YOUR TASK:
Provide a verbatim copy of all the records below, leaving the images out.

(Dataset excerpts)
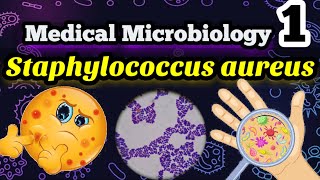 Staphylococcus aureus شرح بالعربي ميكروبيولوجي البكتيريا المسببه لالتهابات البروستاتا وحبوب الوجه [upl. by Tavis950]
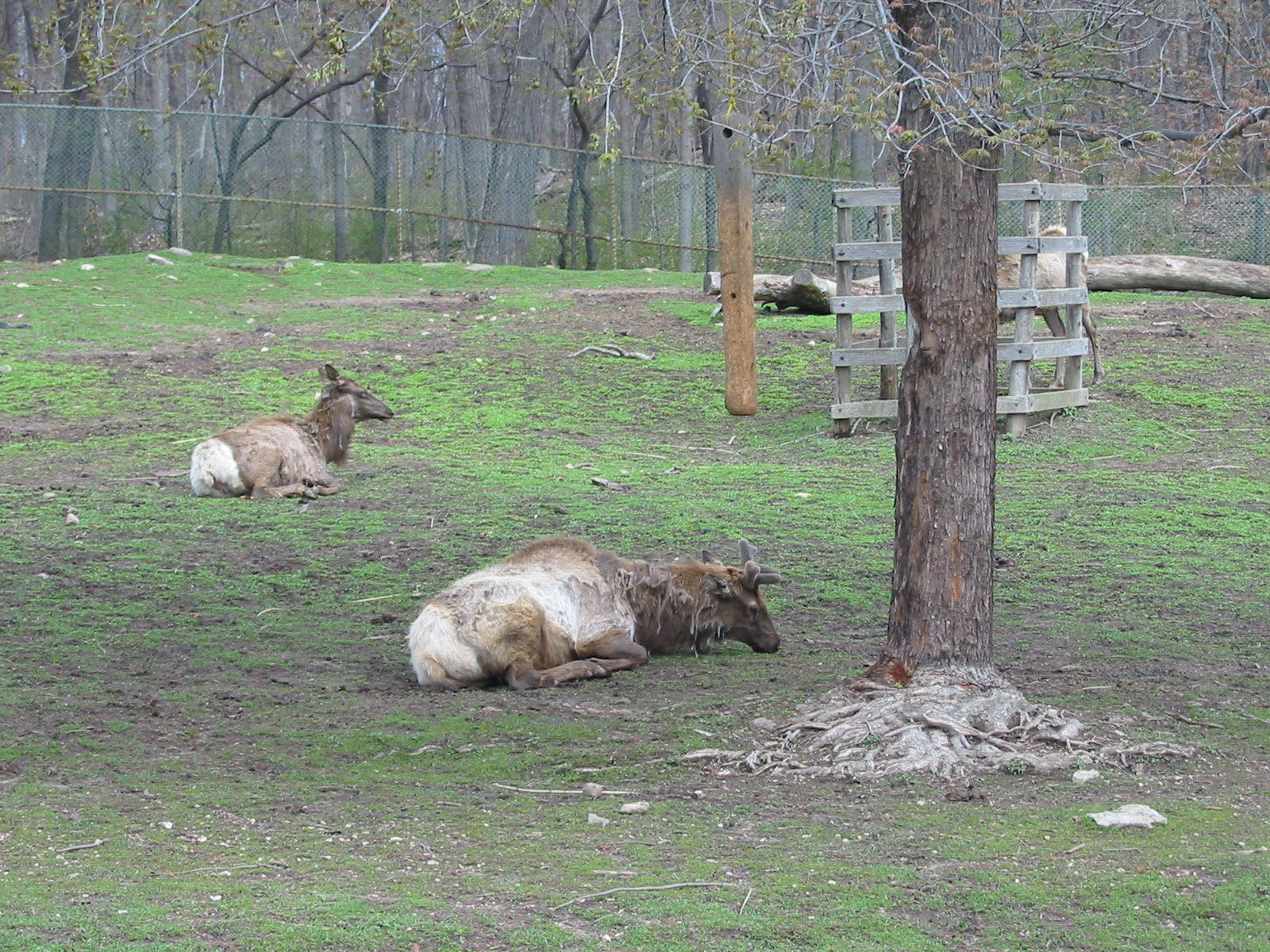 Milwaukee County Zoo 2003 - American Elk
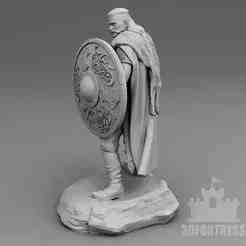 Viking with a shield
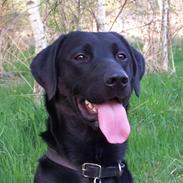 Labrador retriever Viktor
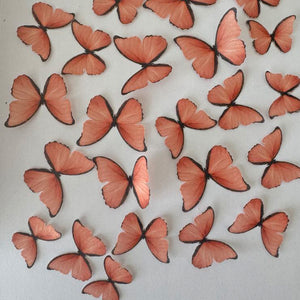 Bright Orange Pre-cut Edible Wafer Butterflies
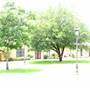 Cottonwood Terrace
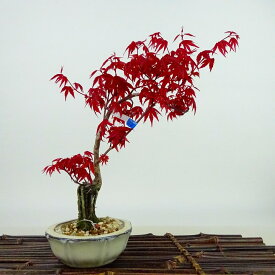 盆栽 紅葉 出猩々 樹高 約21cm もみじ Acer palmatum モミジ カエデ科 落葉樹 観賞用 現品 送料無料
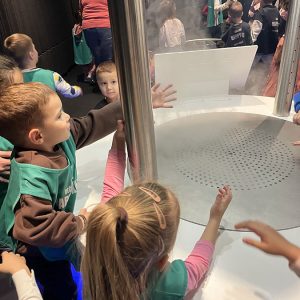 PALATA NAUKE HK5 (26)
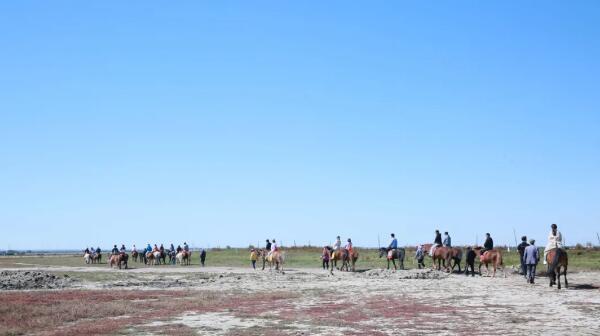 bifa·必发(中国)唯一官方网站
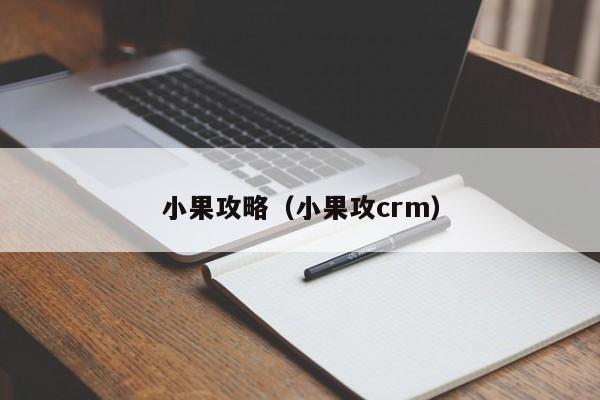 小果攻略（小果攻crm）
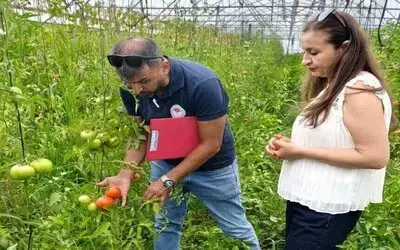Tarım Projeleri Meyvelerini Vermeye Başladı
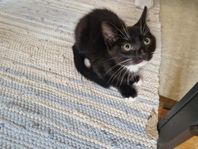 kattunge 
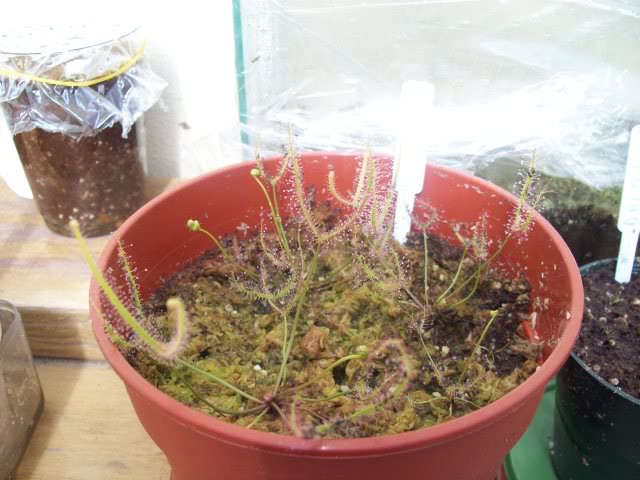 7desep2009030.jpg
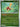 Pokemon Shuckle 011/132 Mega Evolution Reverse Holo NM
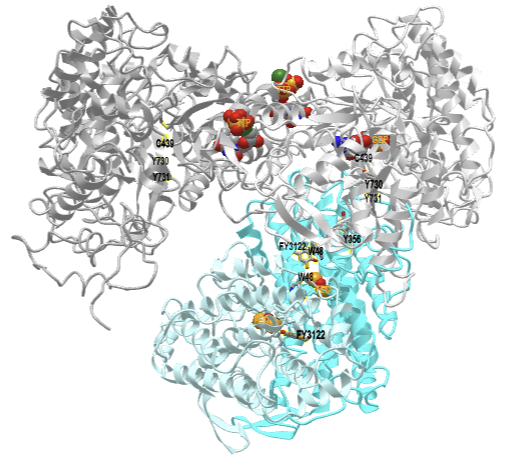holocomplex of E. coli class Ia ribonucleotide reductase with GDP and TTP (6W4X).png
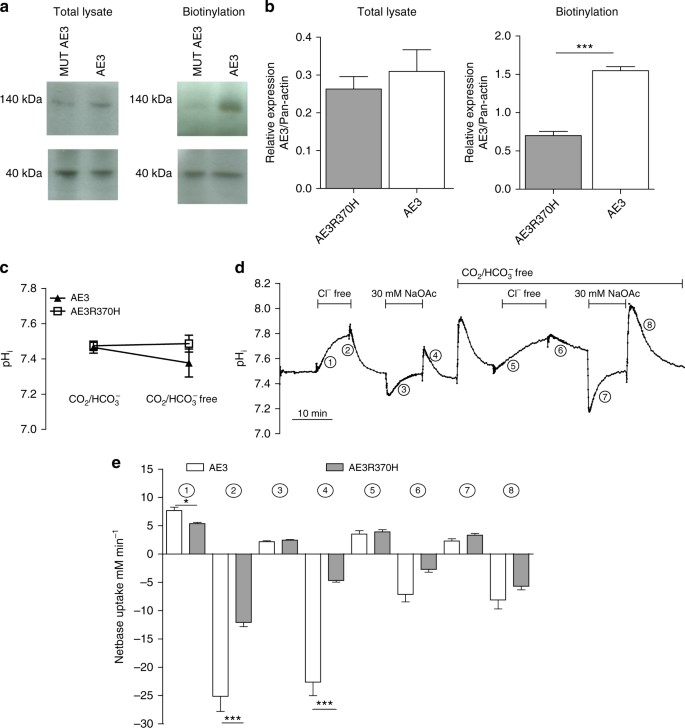 Loss-of-activity-mutation in the cardiac chloride-bicarbonate exchanger AE3  causes short QT syndrome | Nature Communications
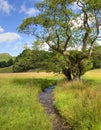 Alder tree and stream Royalty Free Stock Photo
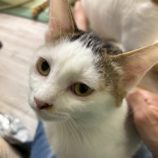 1月18日の千葉ニュータウン店に参加する花ねこ千葉の保護猫10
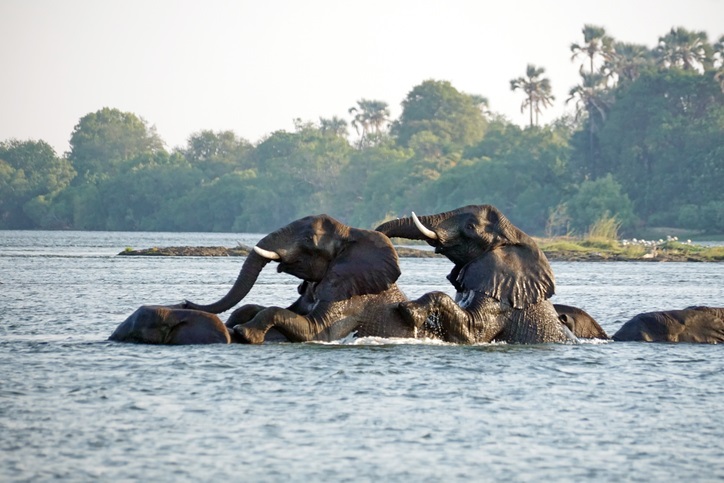 Zambia & Victoria Falls, by Art In Voyage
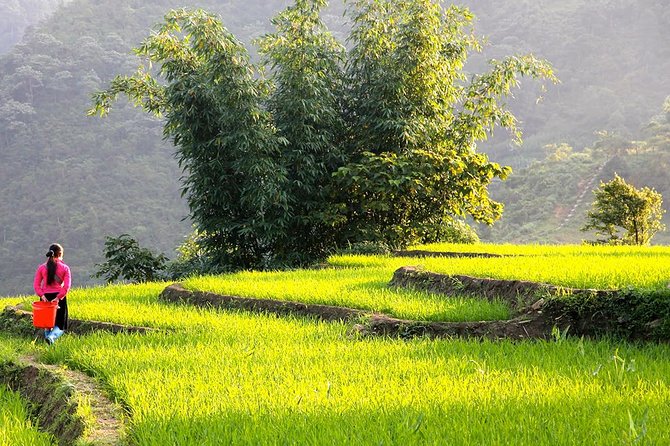 Sapa Valley Trek and Homestay - 3D2N - Giang Ta Chai: waterfalls, forest, and a harder morning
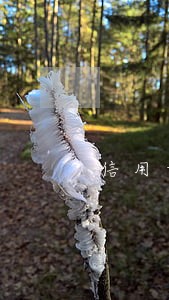 信用卡逾期未还记录吗 信用卡逾期未还记录吗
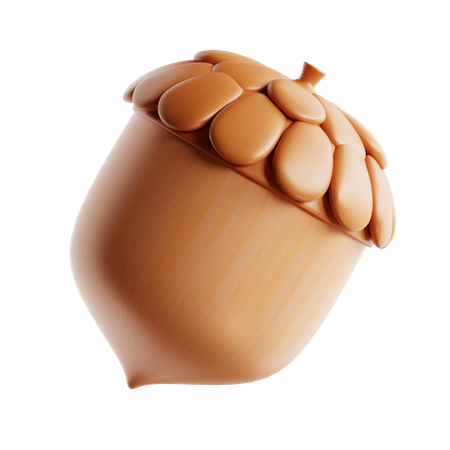 Acorn  3D Icon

RESULT OF THIS TASK:
 Staphylococcus aureus شرح بالعربي ميكروبيولوجي البكتيريا المسببه لالتهابات البروستاتا وحبوب الوجه [upl. by Tavis950]
 Milwaukee County Zoo 2003 - American Elk
 Viking with a shield
 Labrador retriever Viktor
 Bright Orange Pre-cut Edible Wafer Butterflies
 Cottonwood Terrace
 盆栽 紅葉 出猩々 樹高 約21cm もみじ Acer palmatum モミジ カエデ科 落葉樹 観賞用 現品 送料無料
 PALATA NAUKE HK5 (26)
 bifa·必发(中国)唯一官方网站
 小果攻略（小果攻crm）
Tarım Projeleri Meyvelerini Vermeye Başladı
 kattunge 
 7desep2009030.jpg
 Pokemon Shuckle 011/132 Mega Evolution Reverse Holo NM
holocomplex of E. coli class Ia ribonucleotide reductase with GDP and TTP (6W4X).png
 Loss-of-activity-mutation in the cardiac chloride-bicarbonate exchanger AE3  causes short QT syndrome | Nature Communications
 Alder tree and stream Royalty Free Stock Photo
 1月18日の千葉ニュータウン店に参加する花ねこ千葉の保護猫10
 Zambia & Victoria Falls, by Art In Voyage
 Sapa Valley Trek and Homestay - 3D2N - Giang Ta Chai: waterfalls, forest, and a harder morning
 信用卡逾期未还记录吗 信用卡逾期未还记录吗
 Acorn  3D Icon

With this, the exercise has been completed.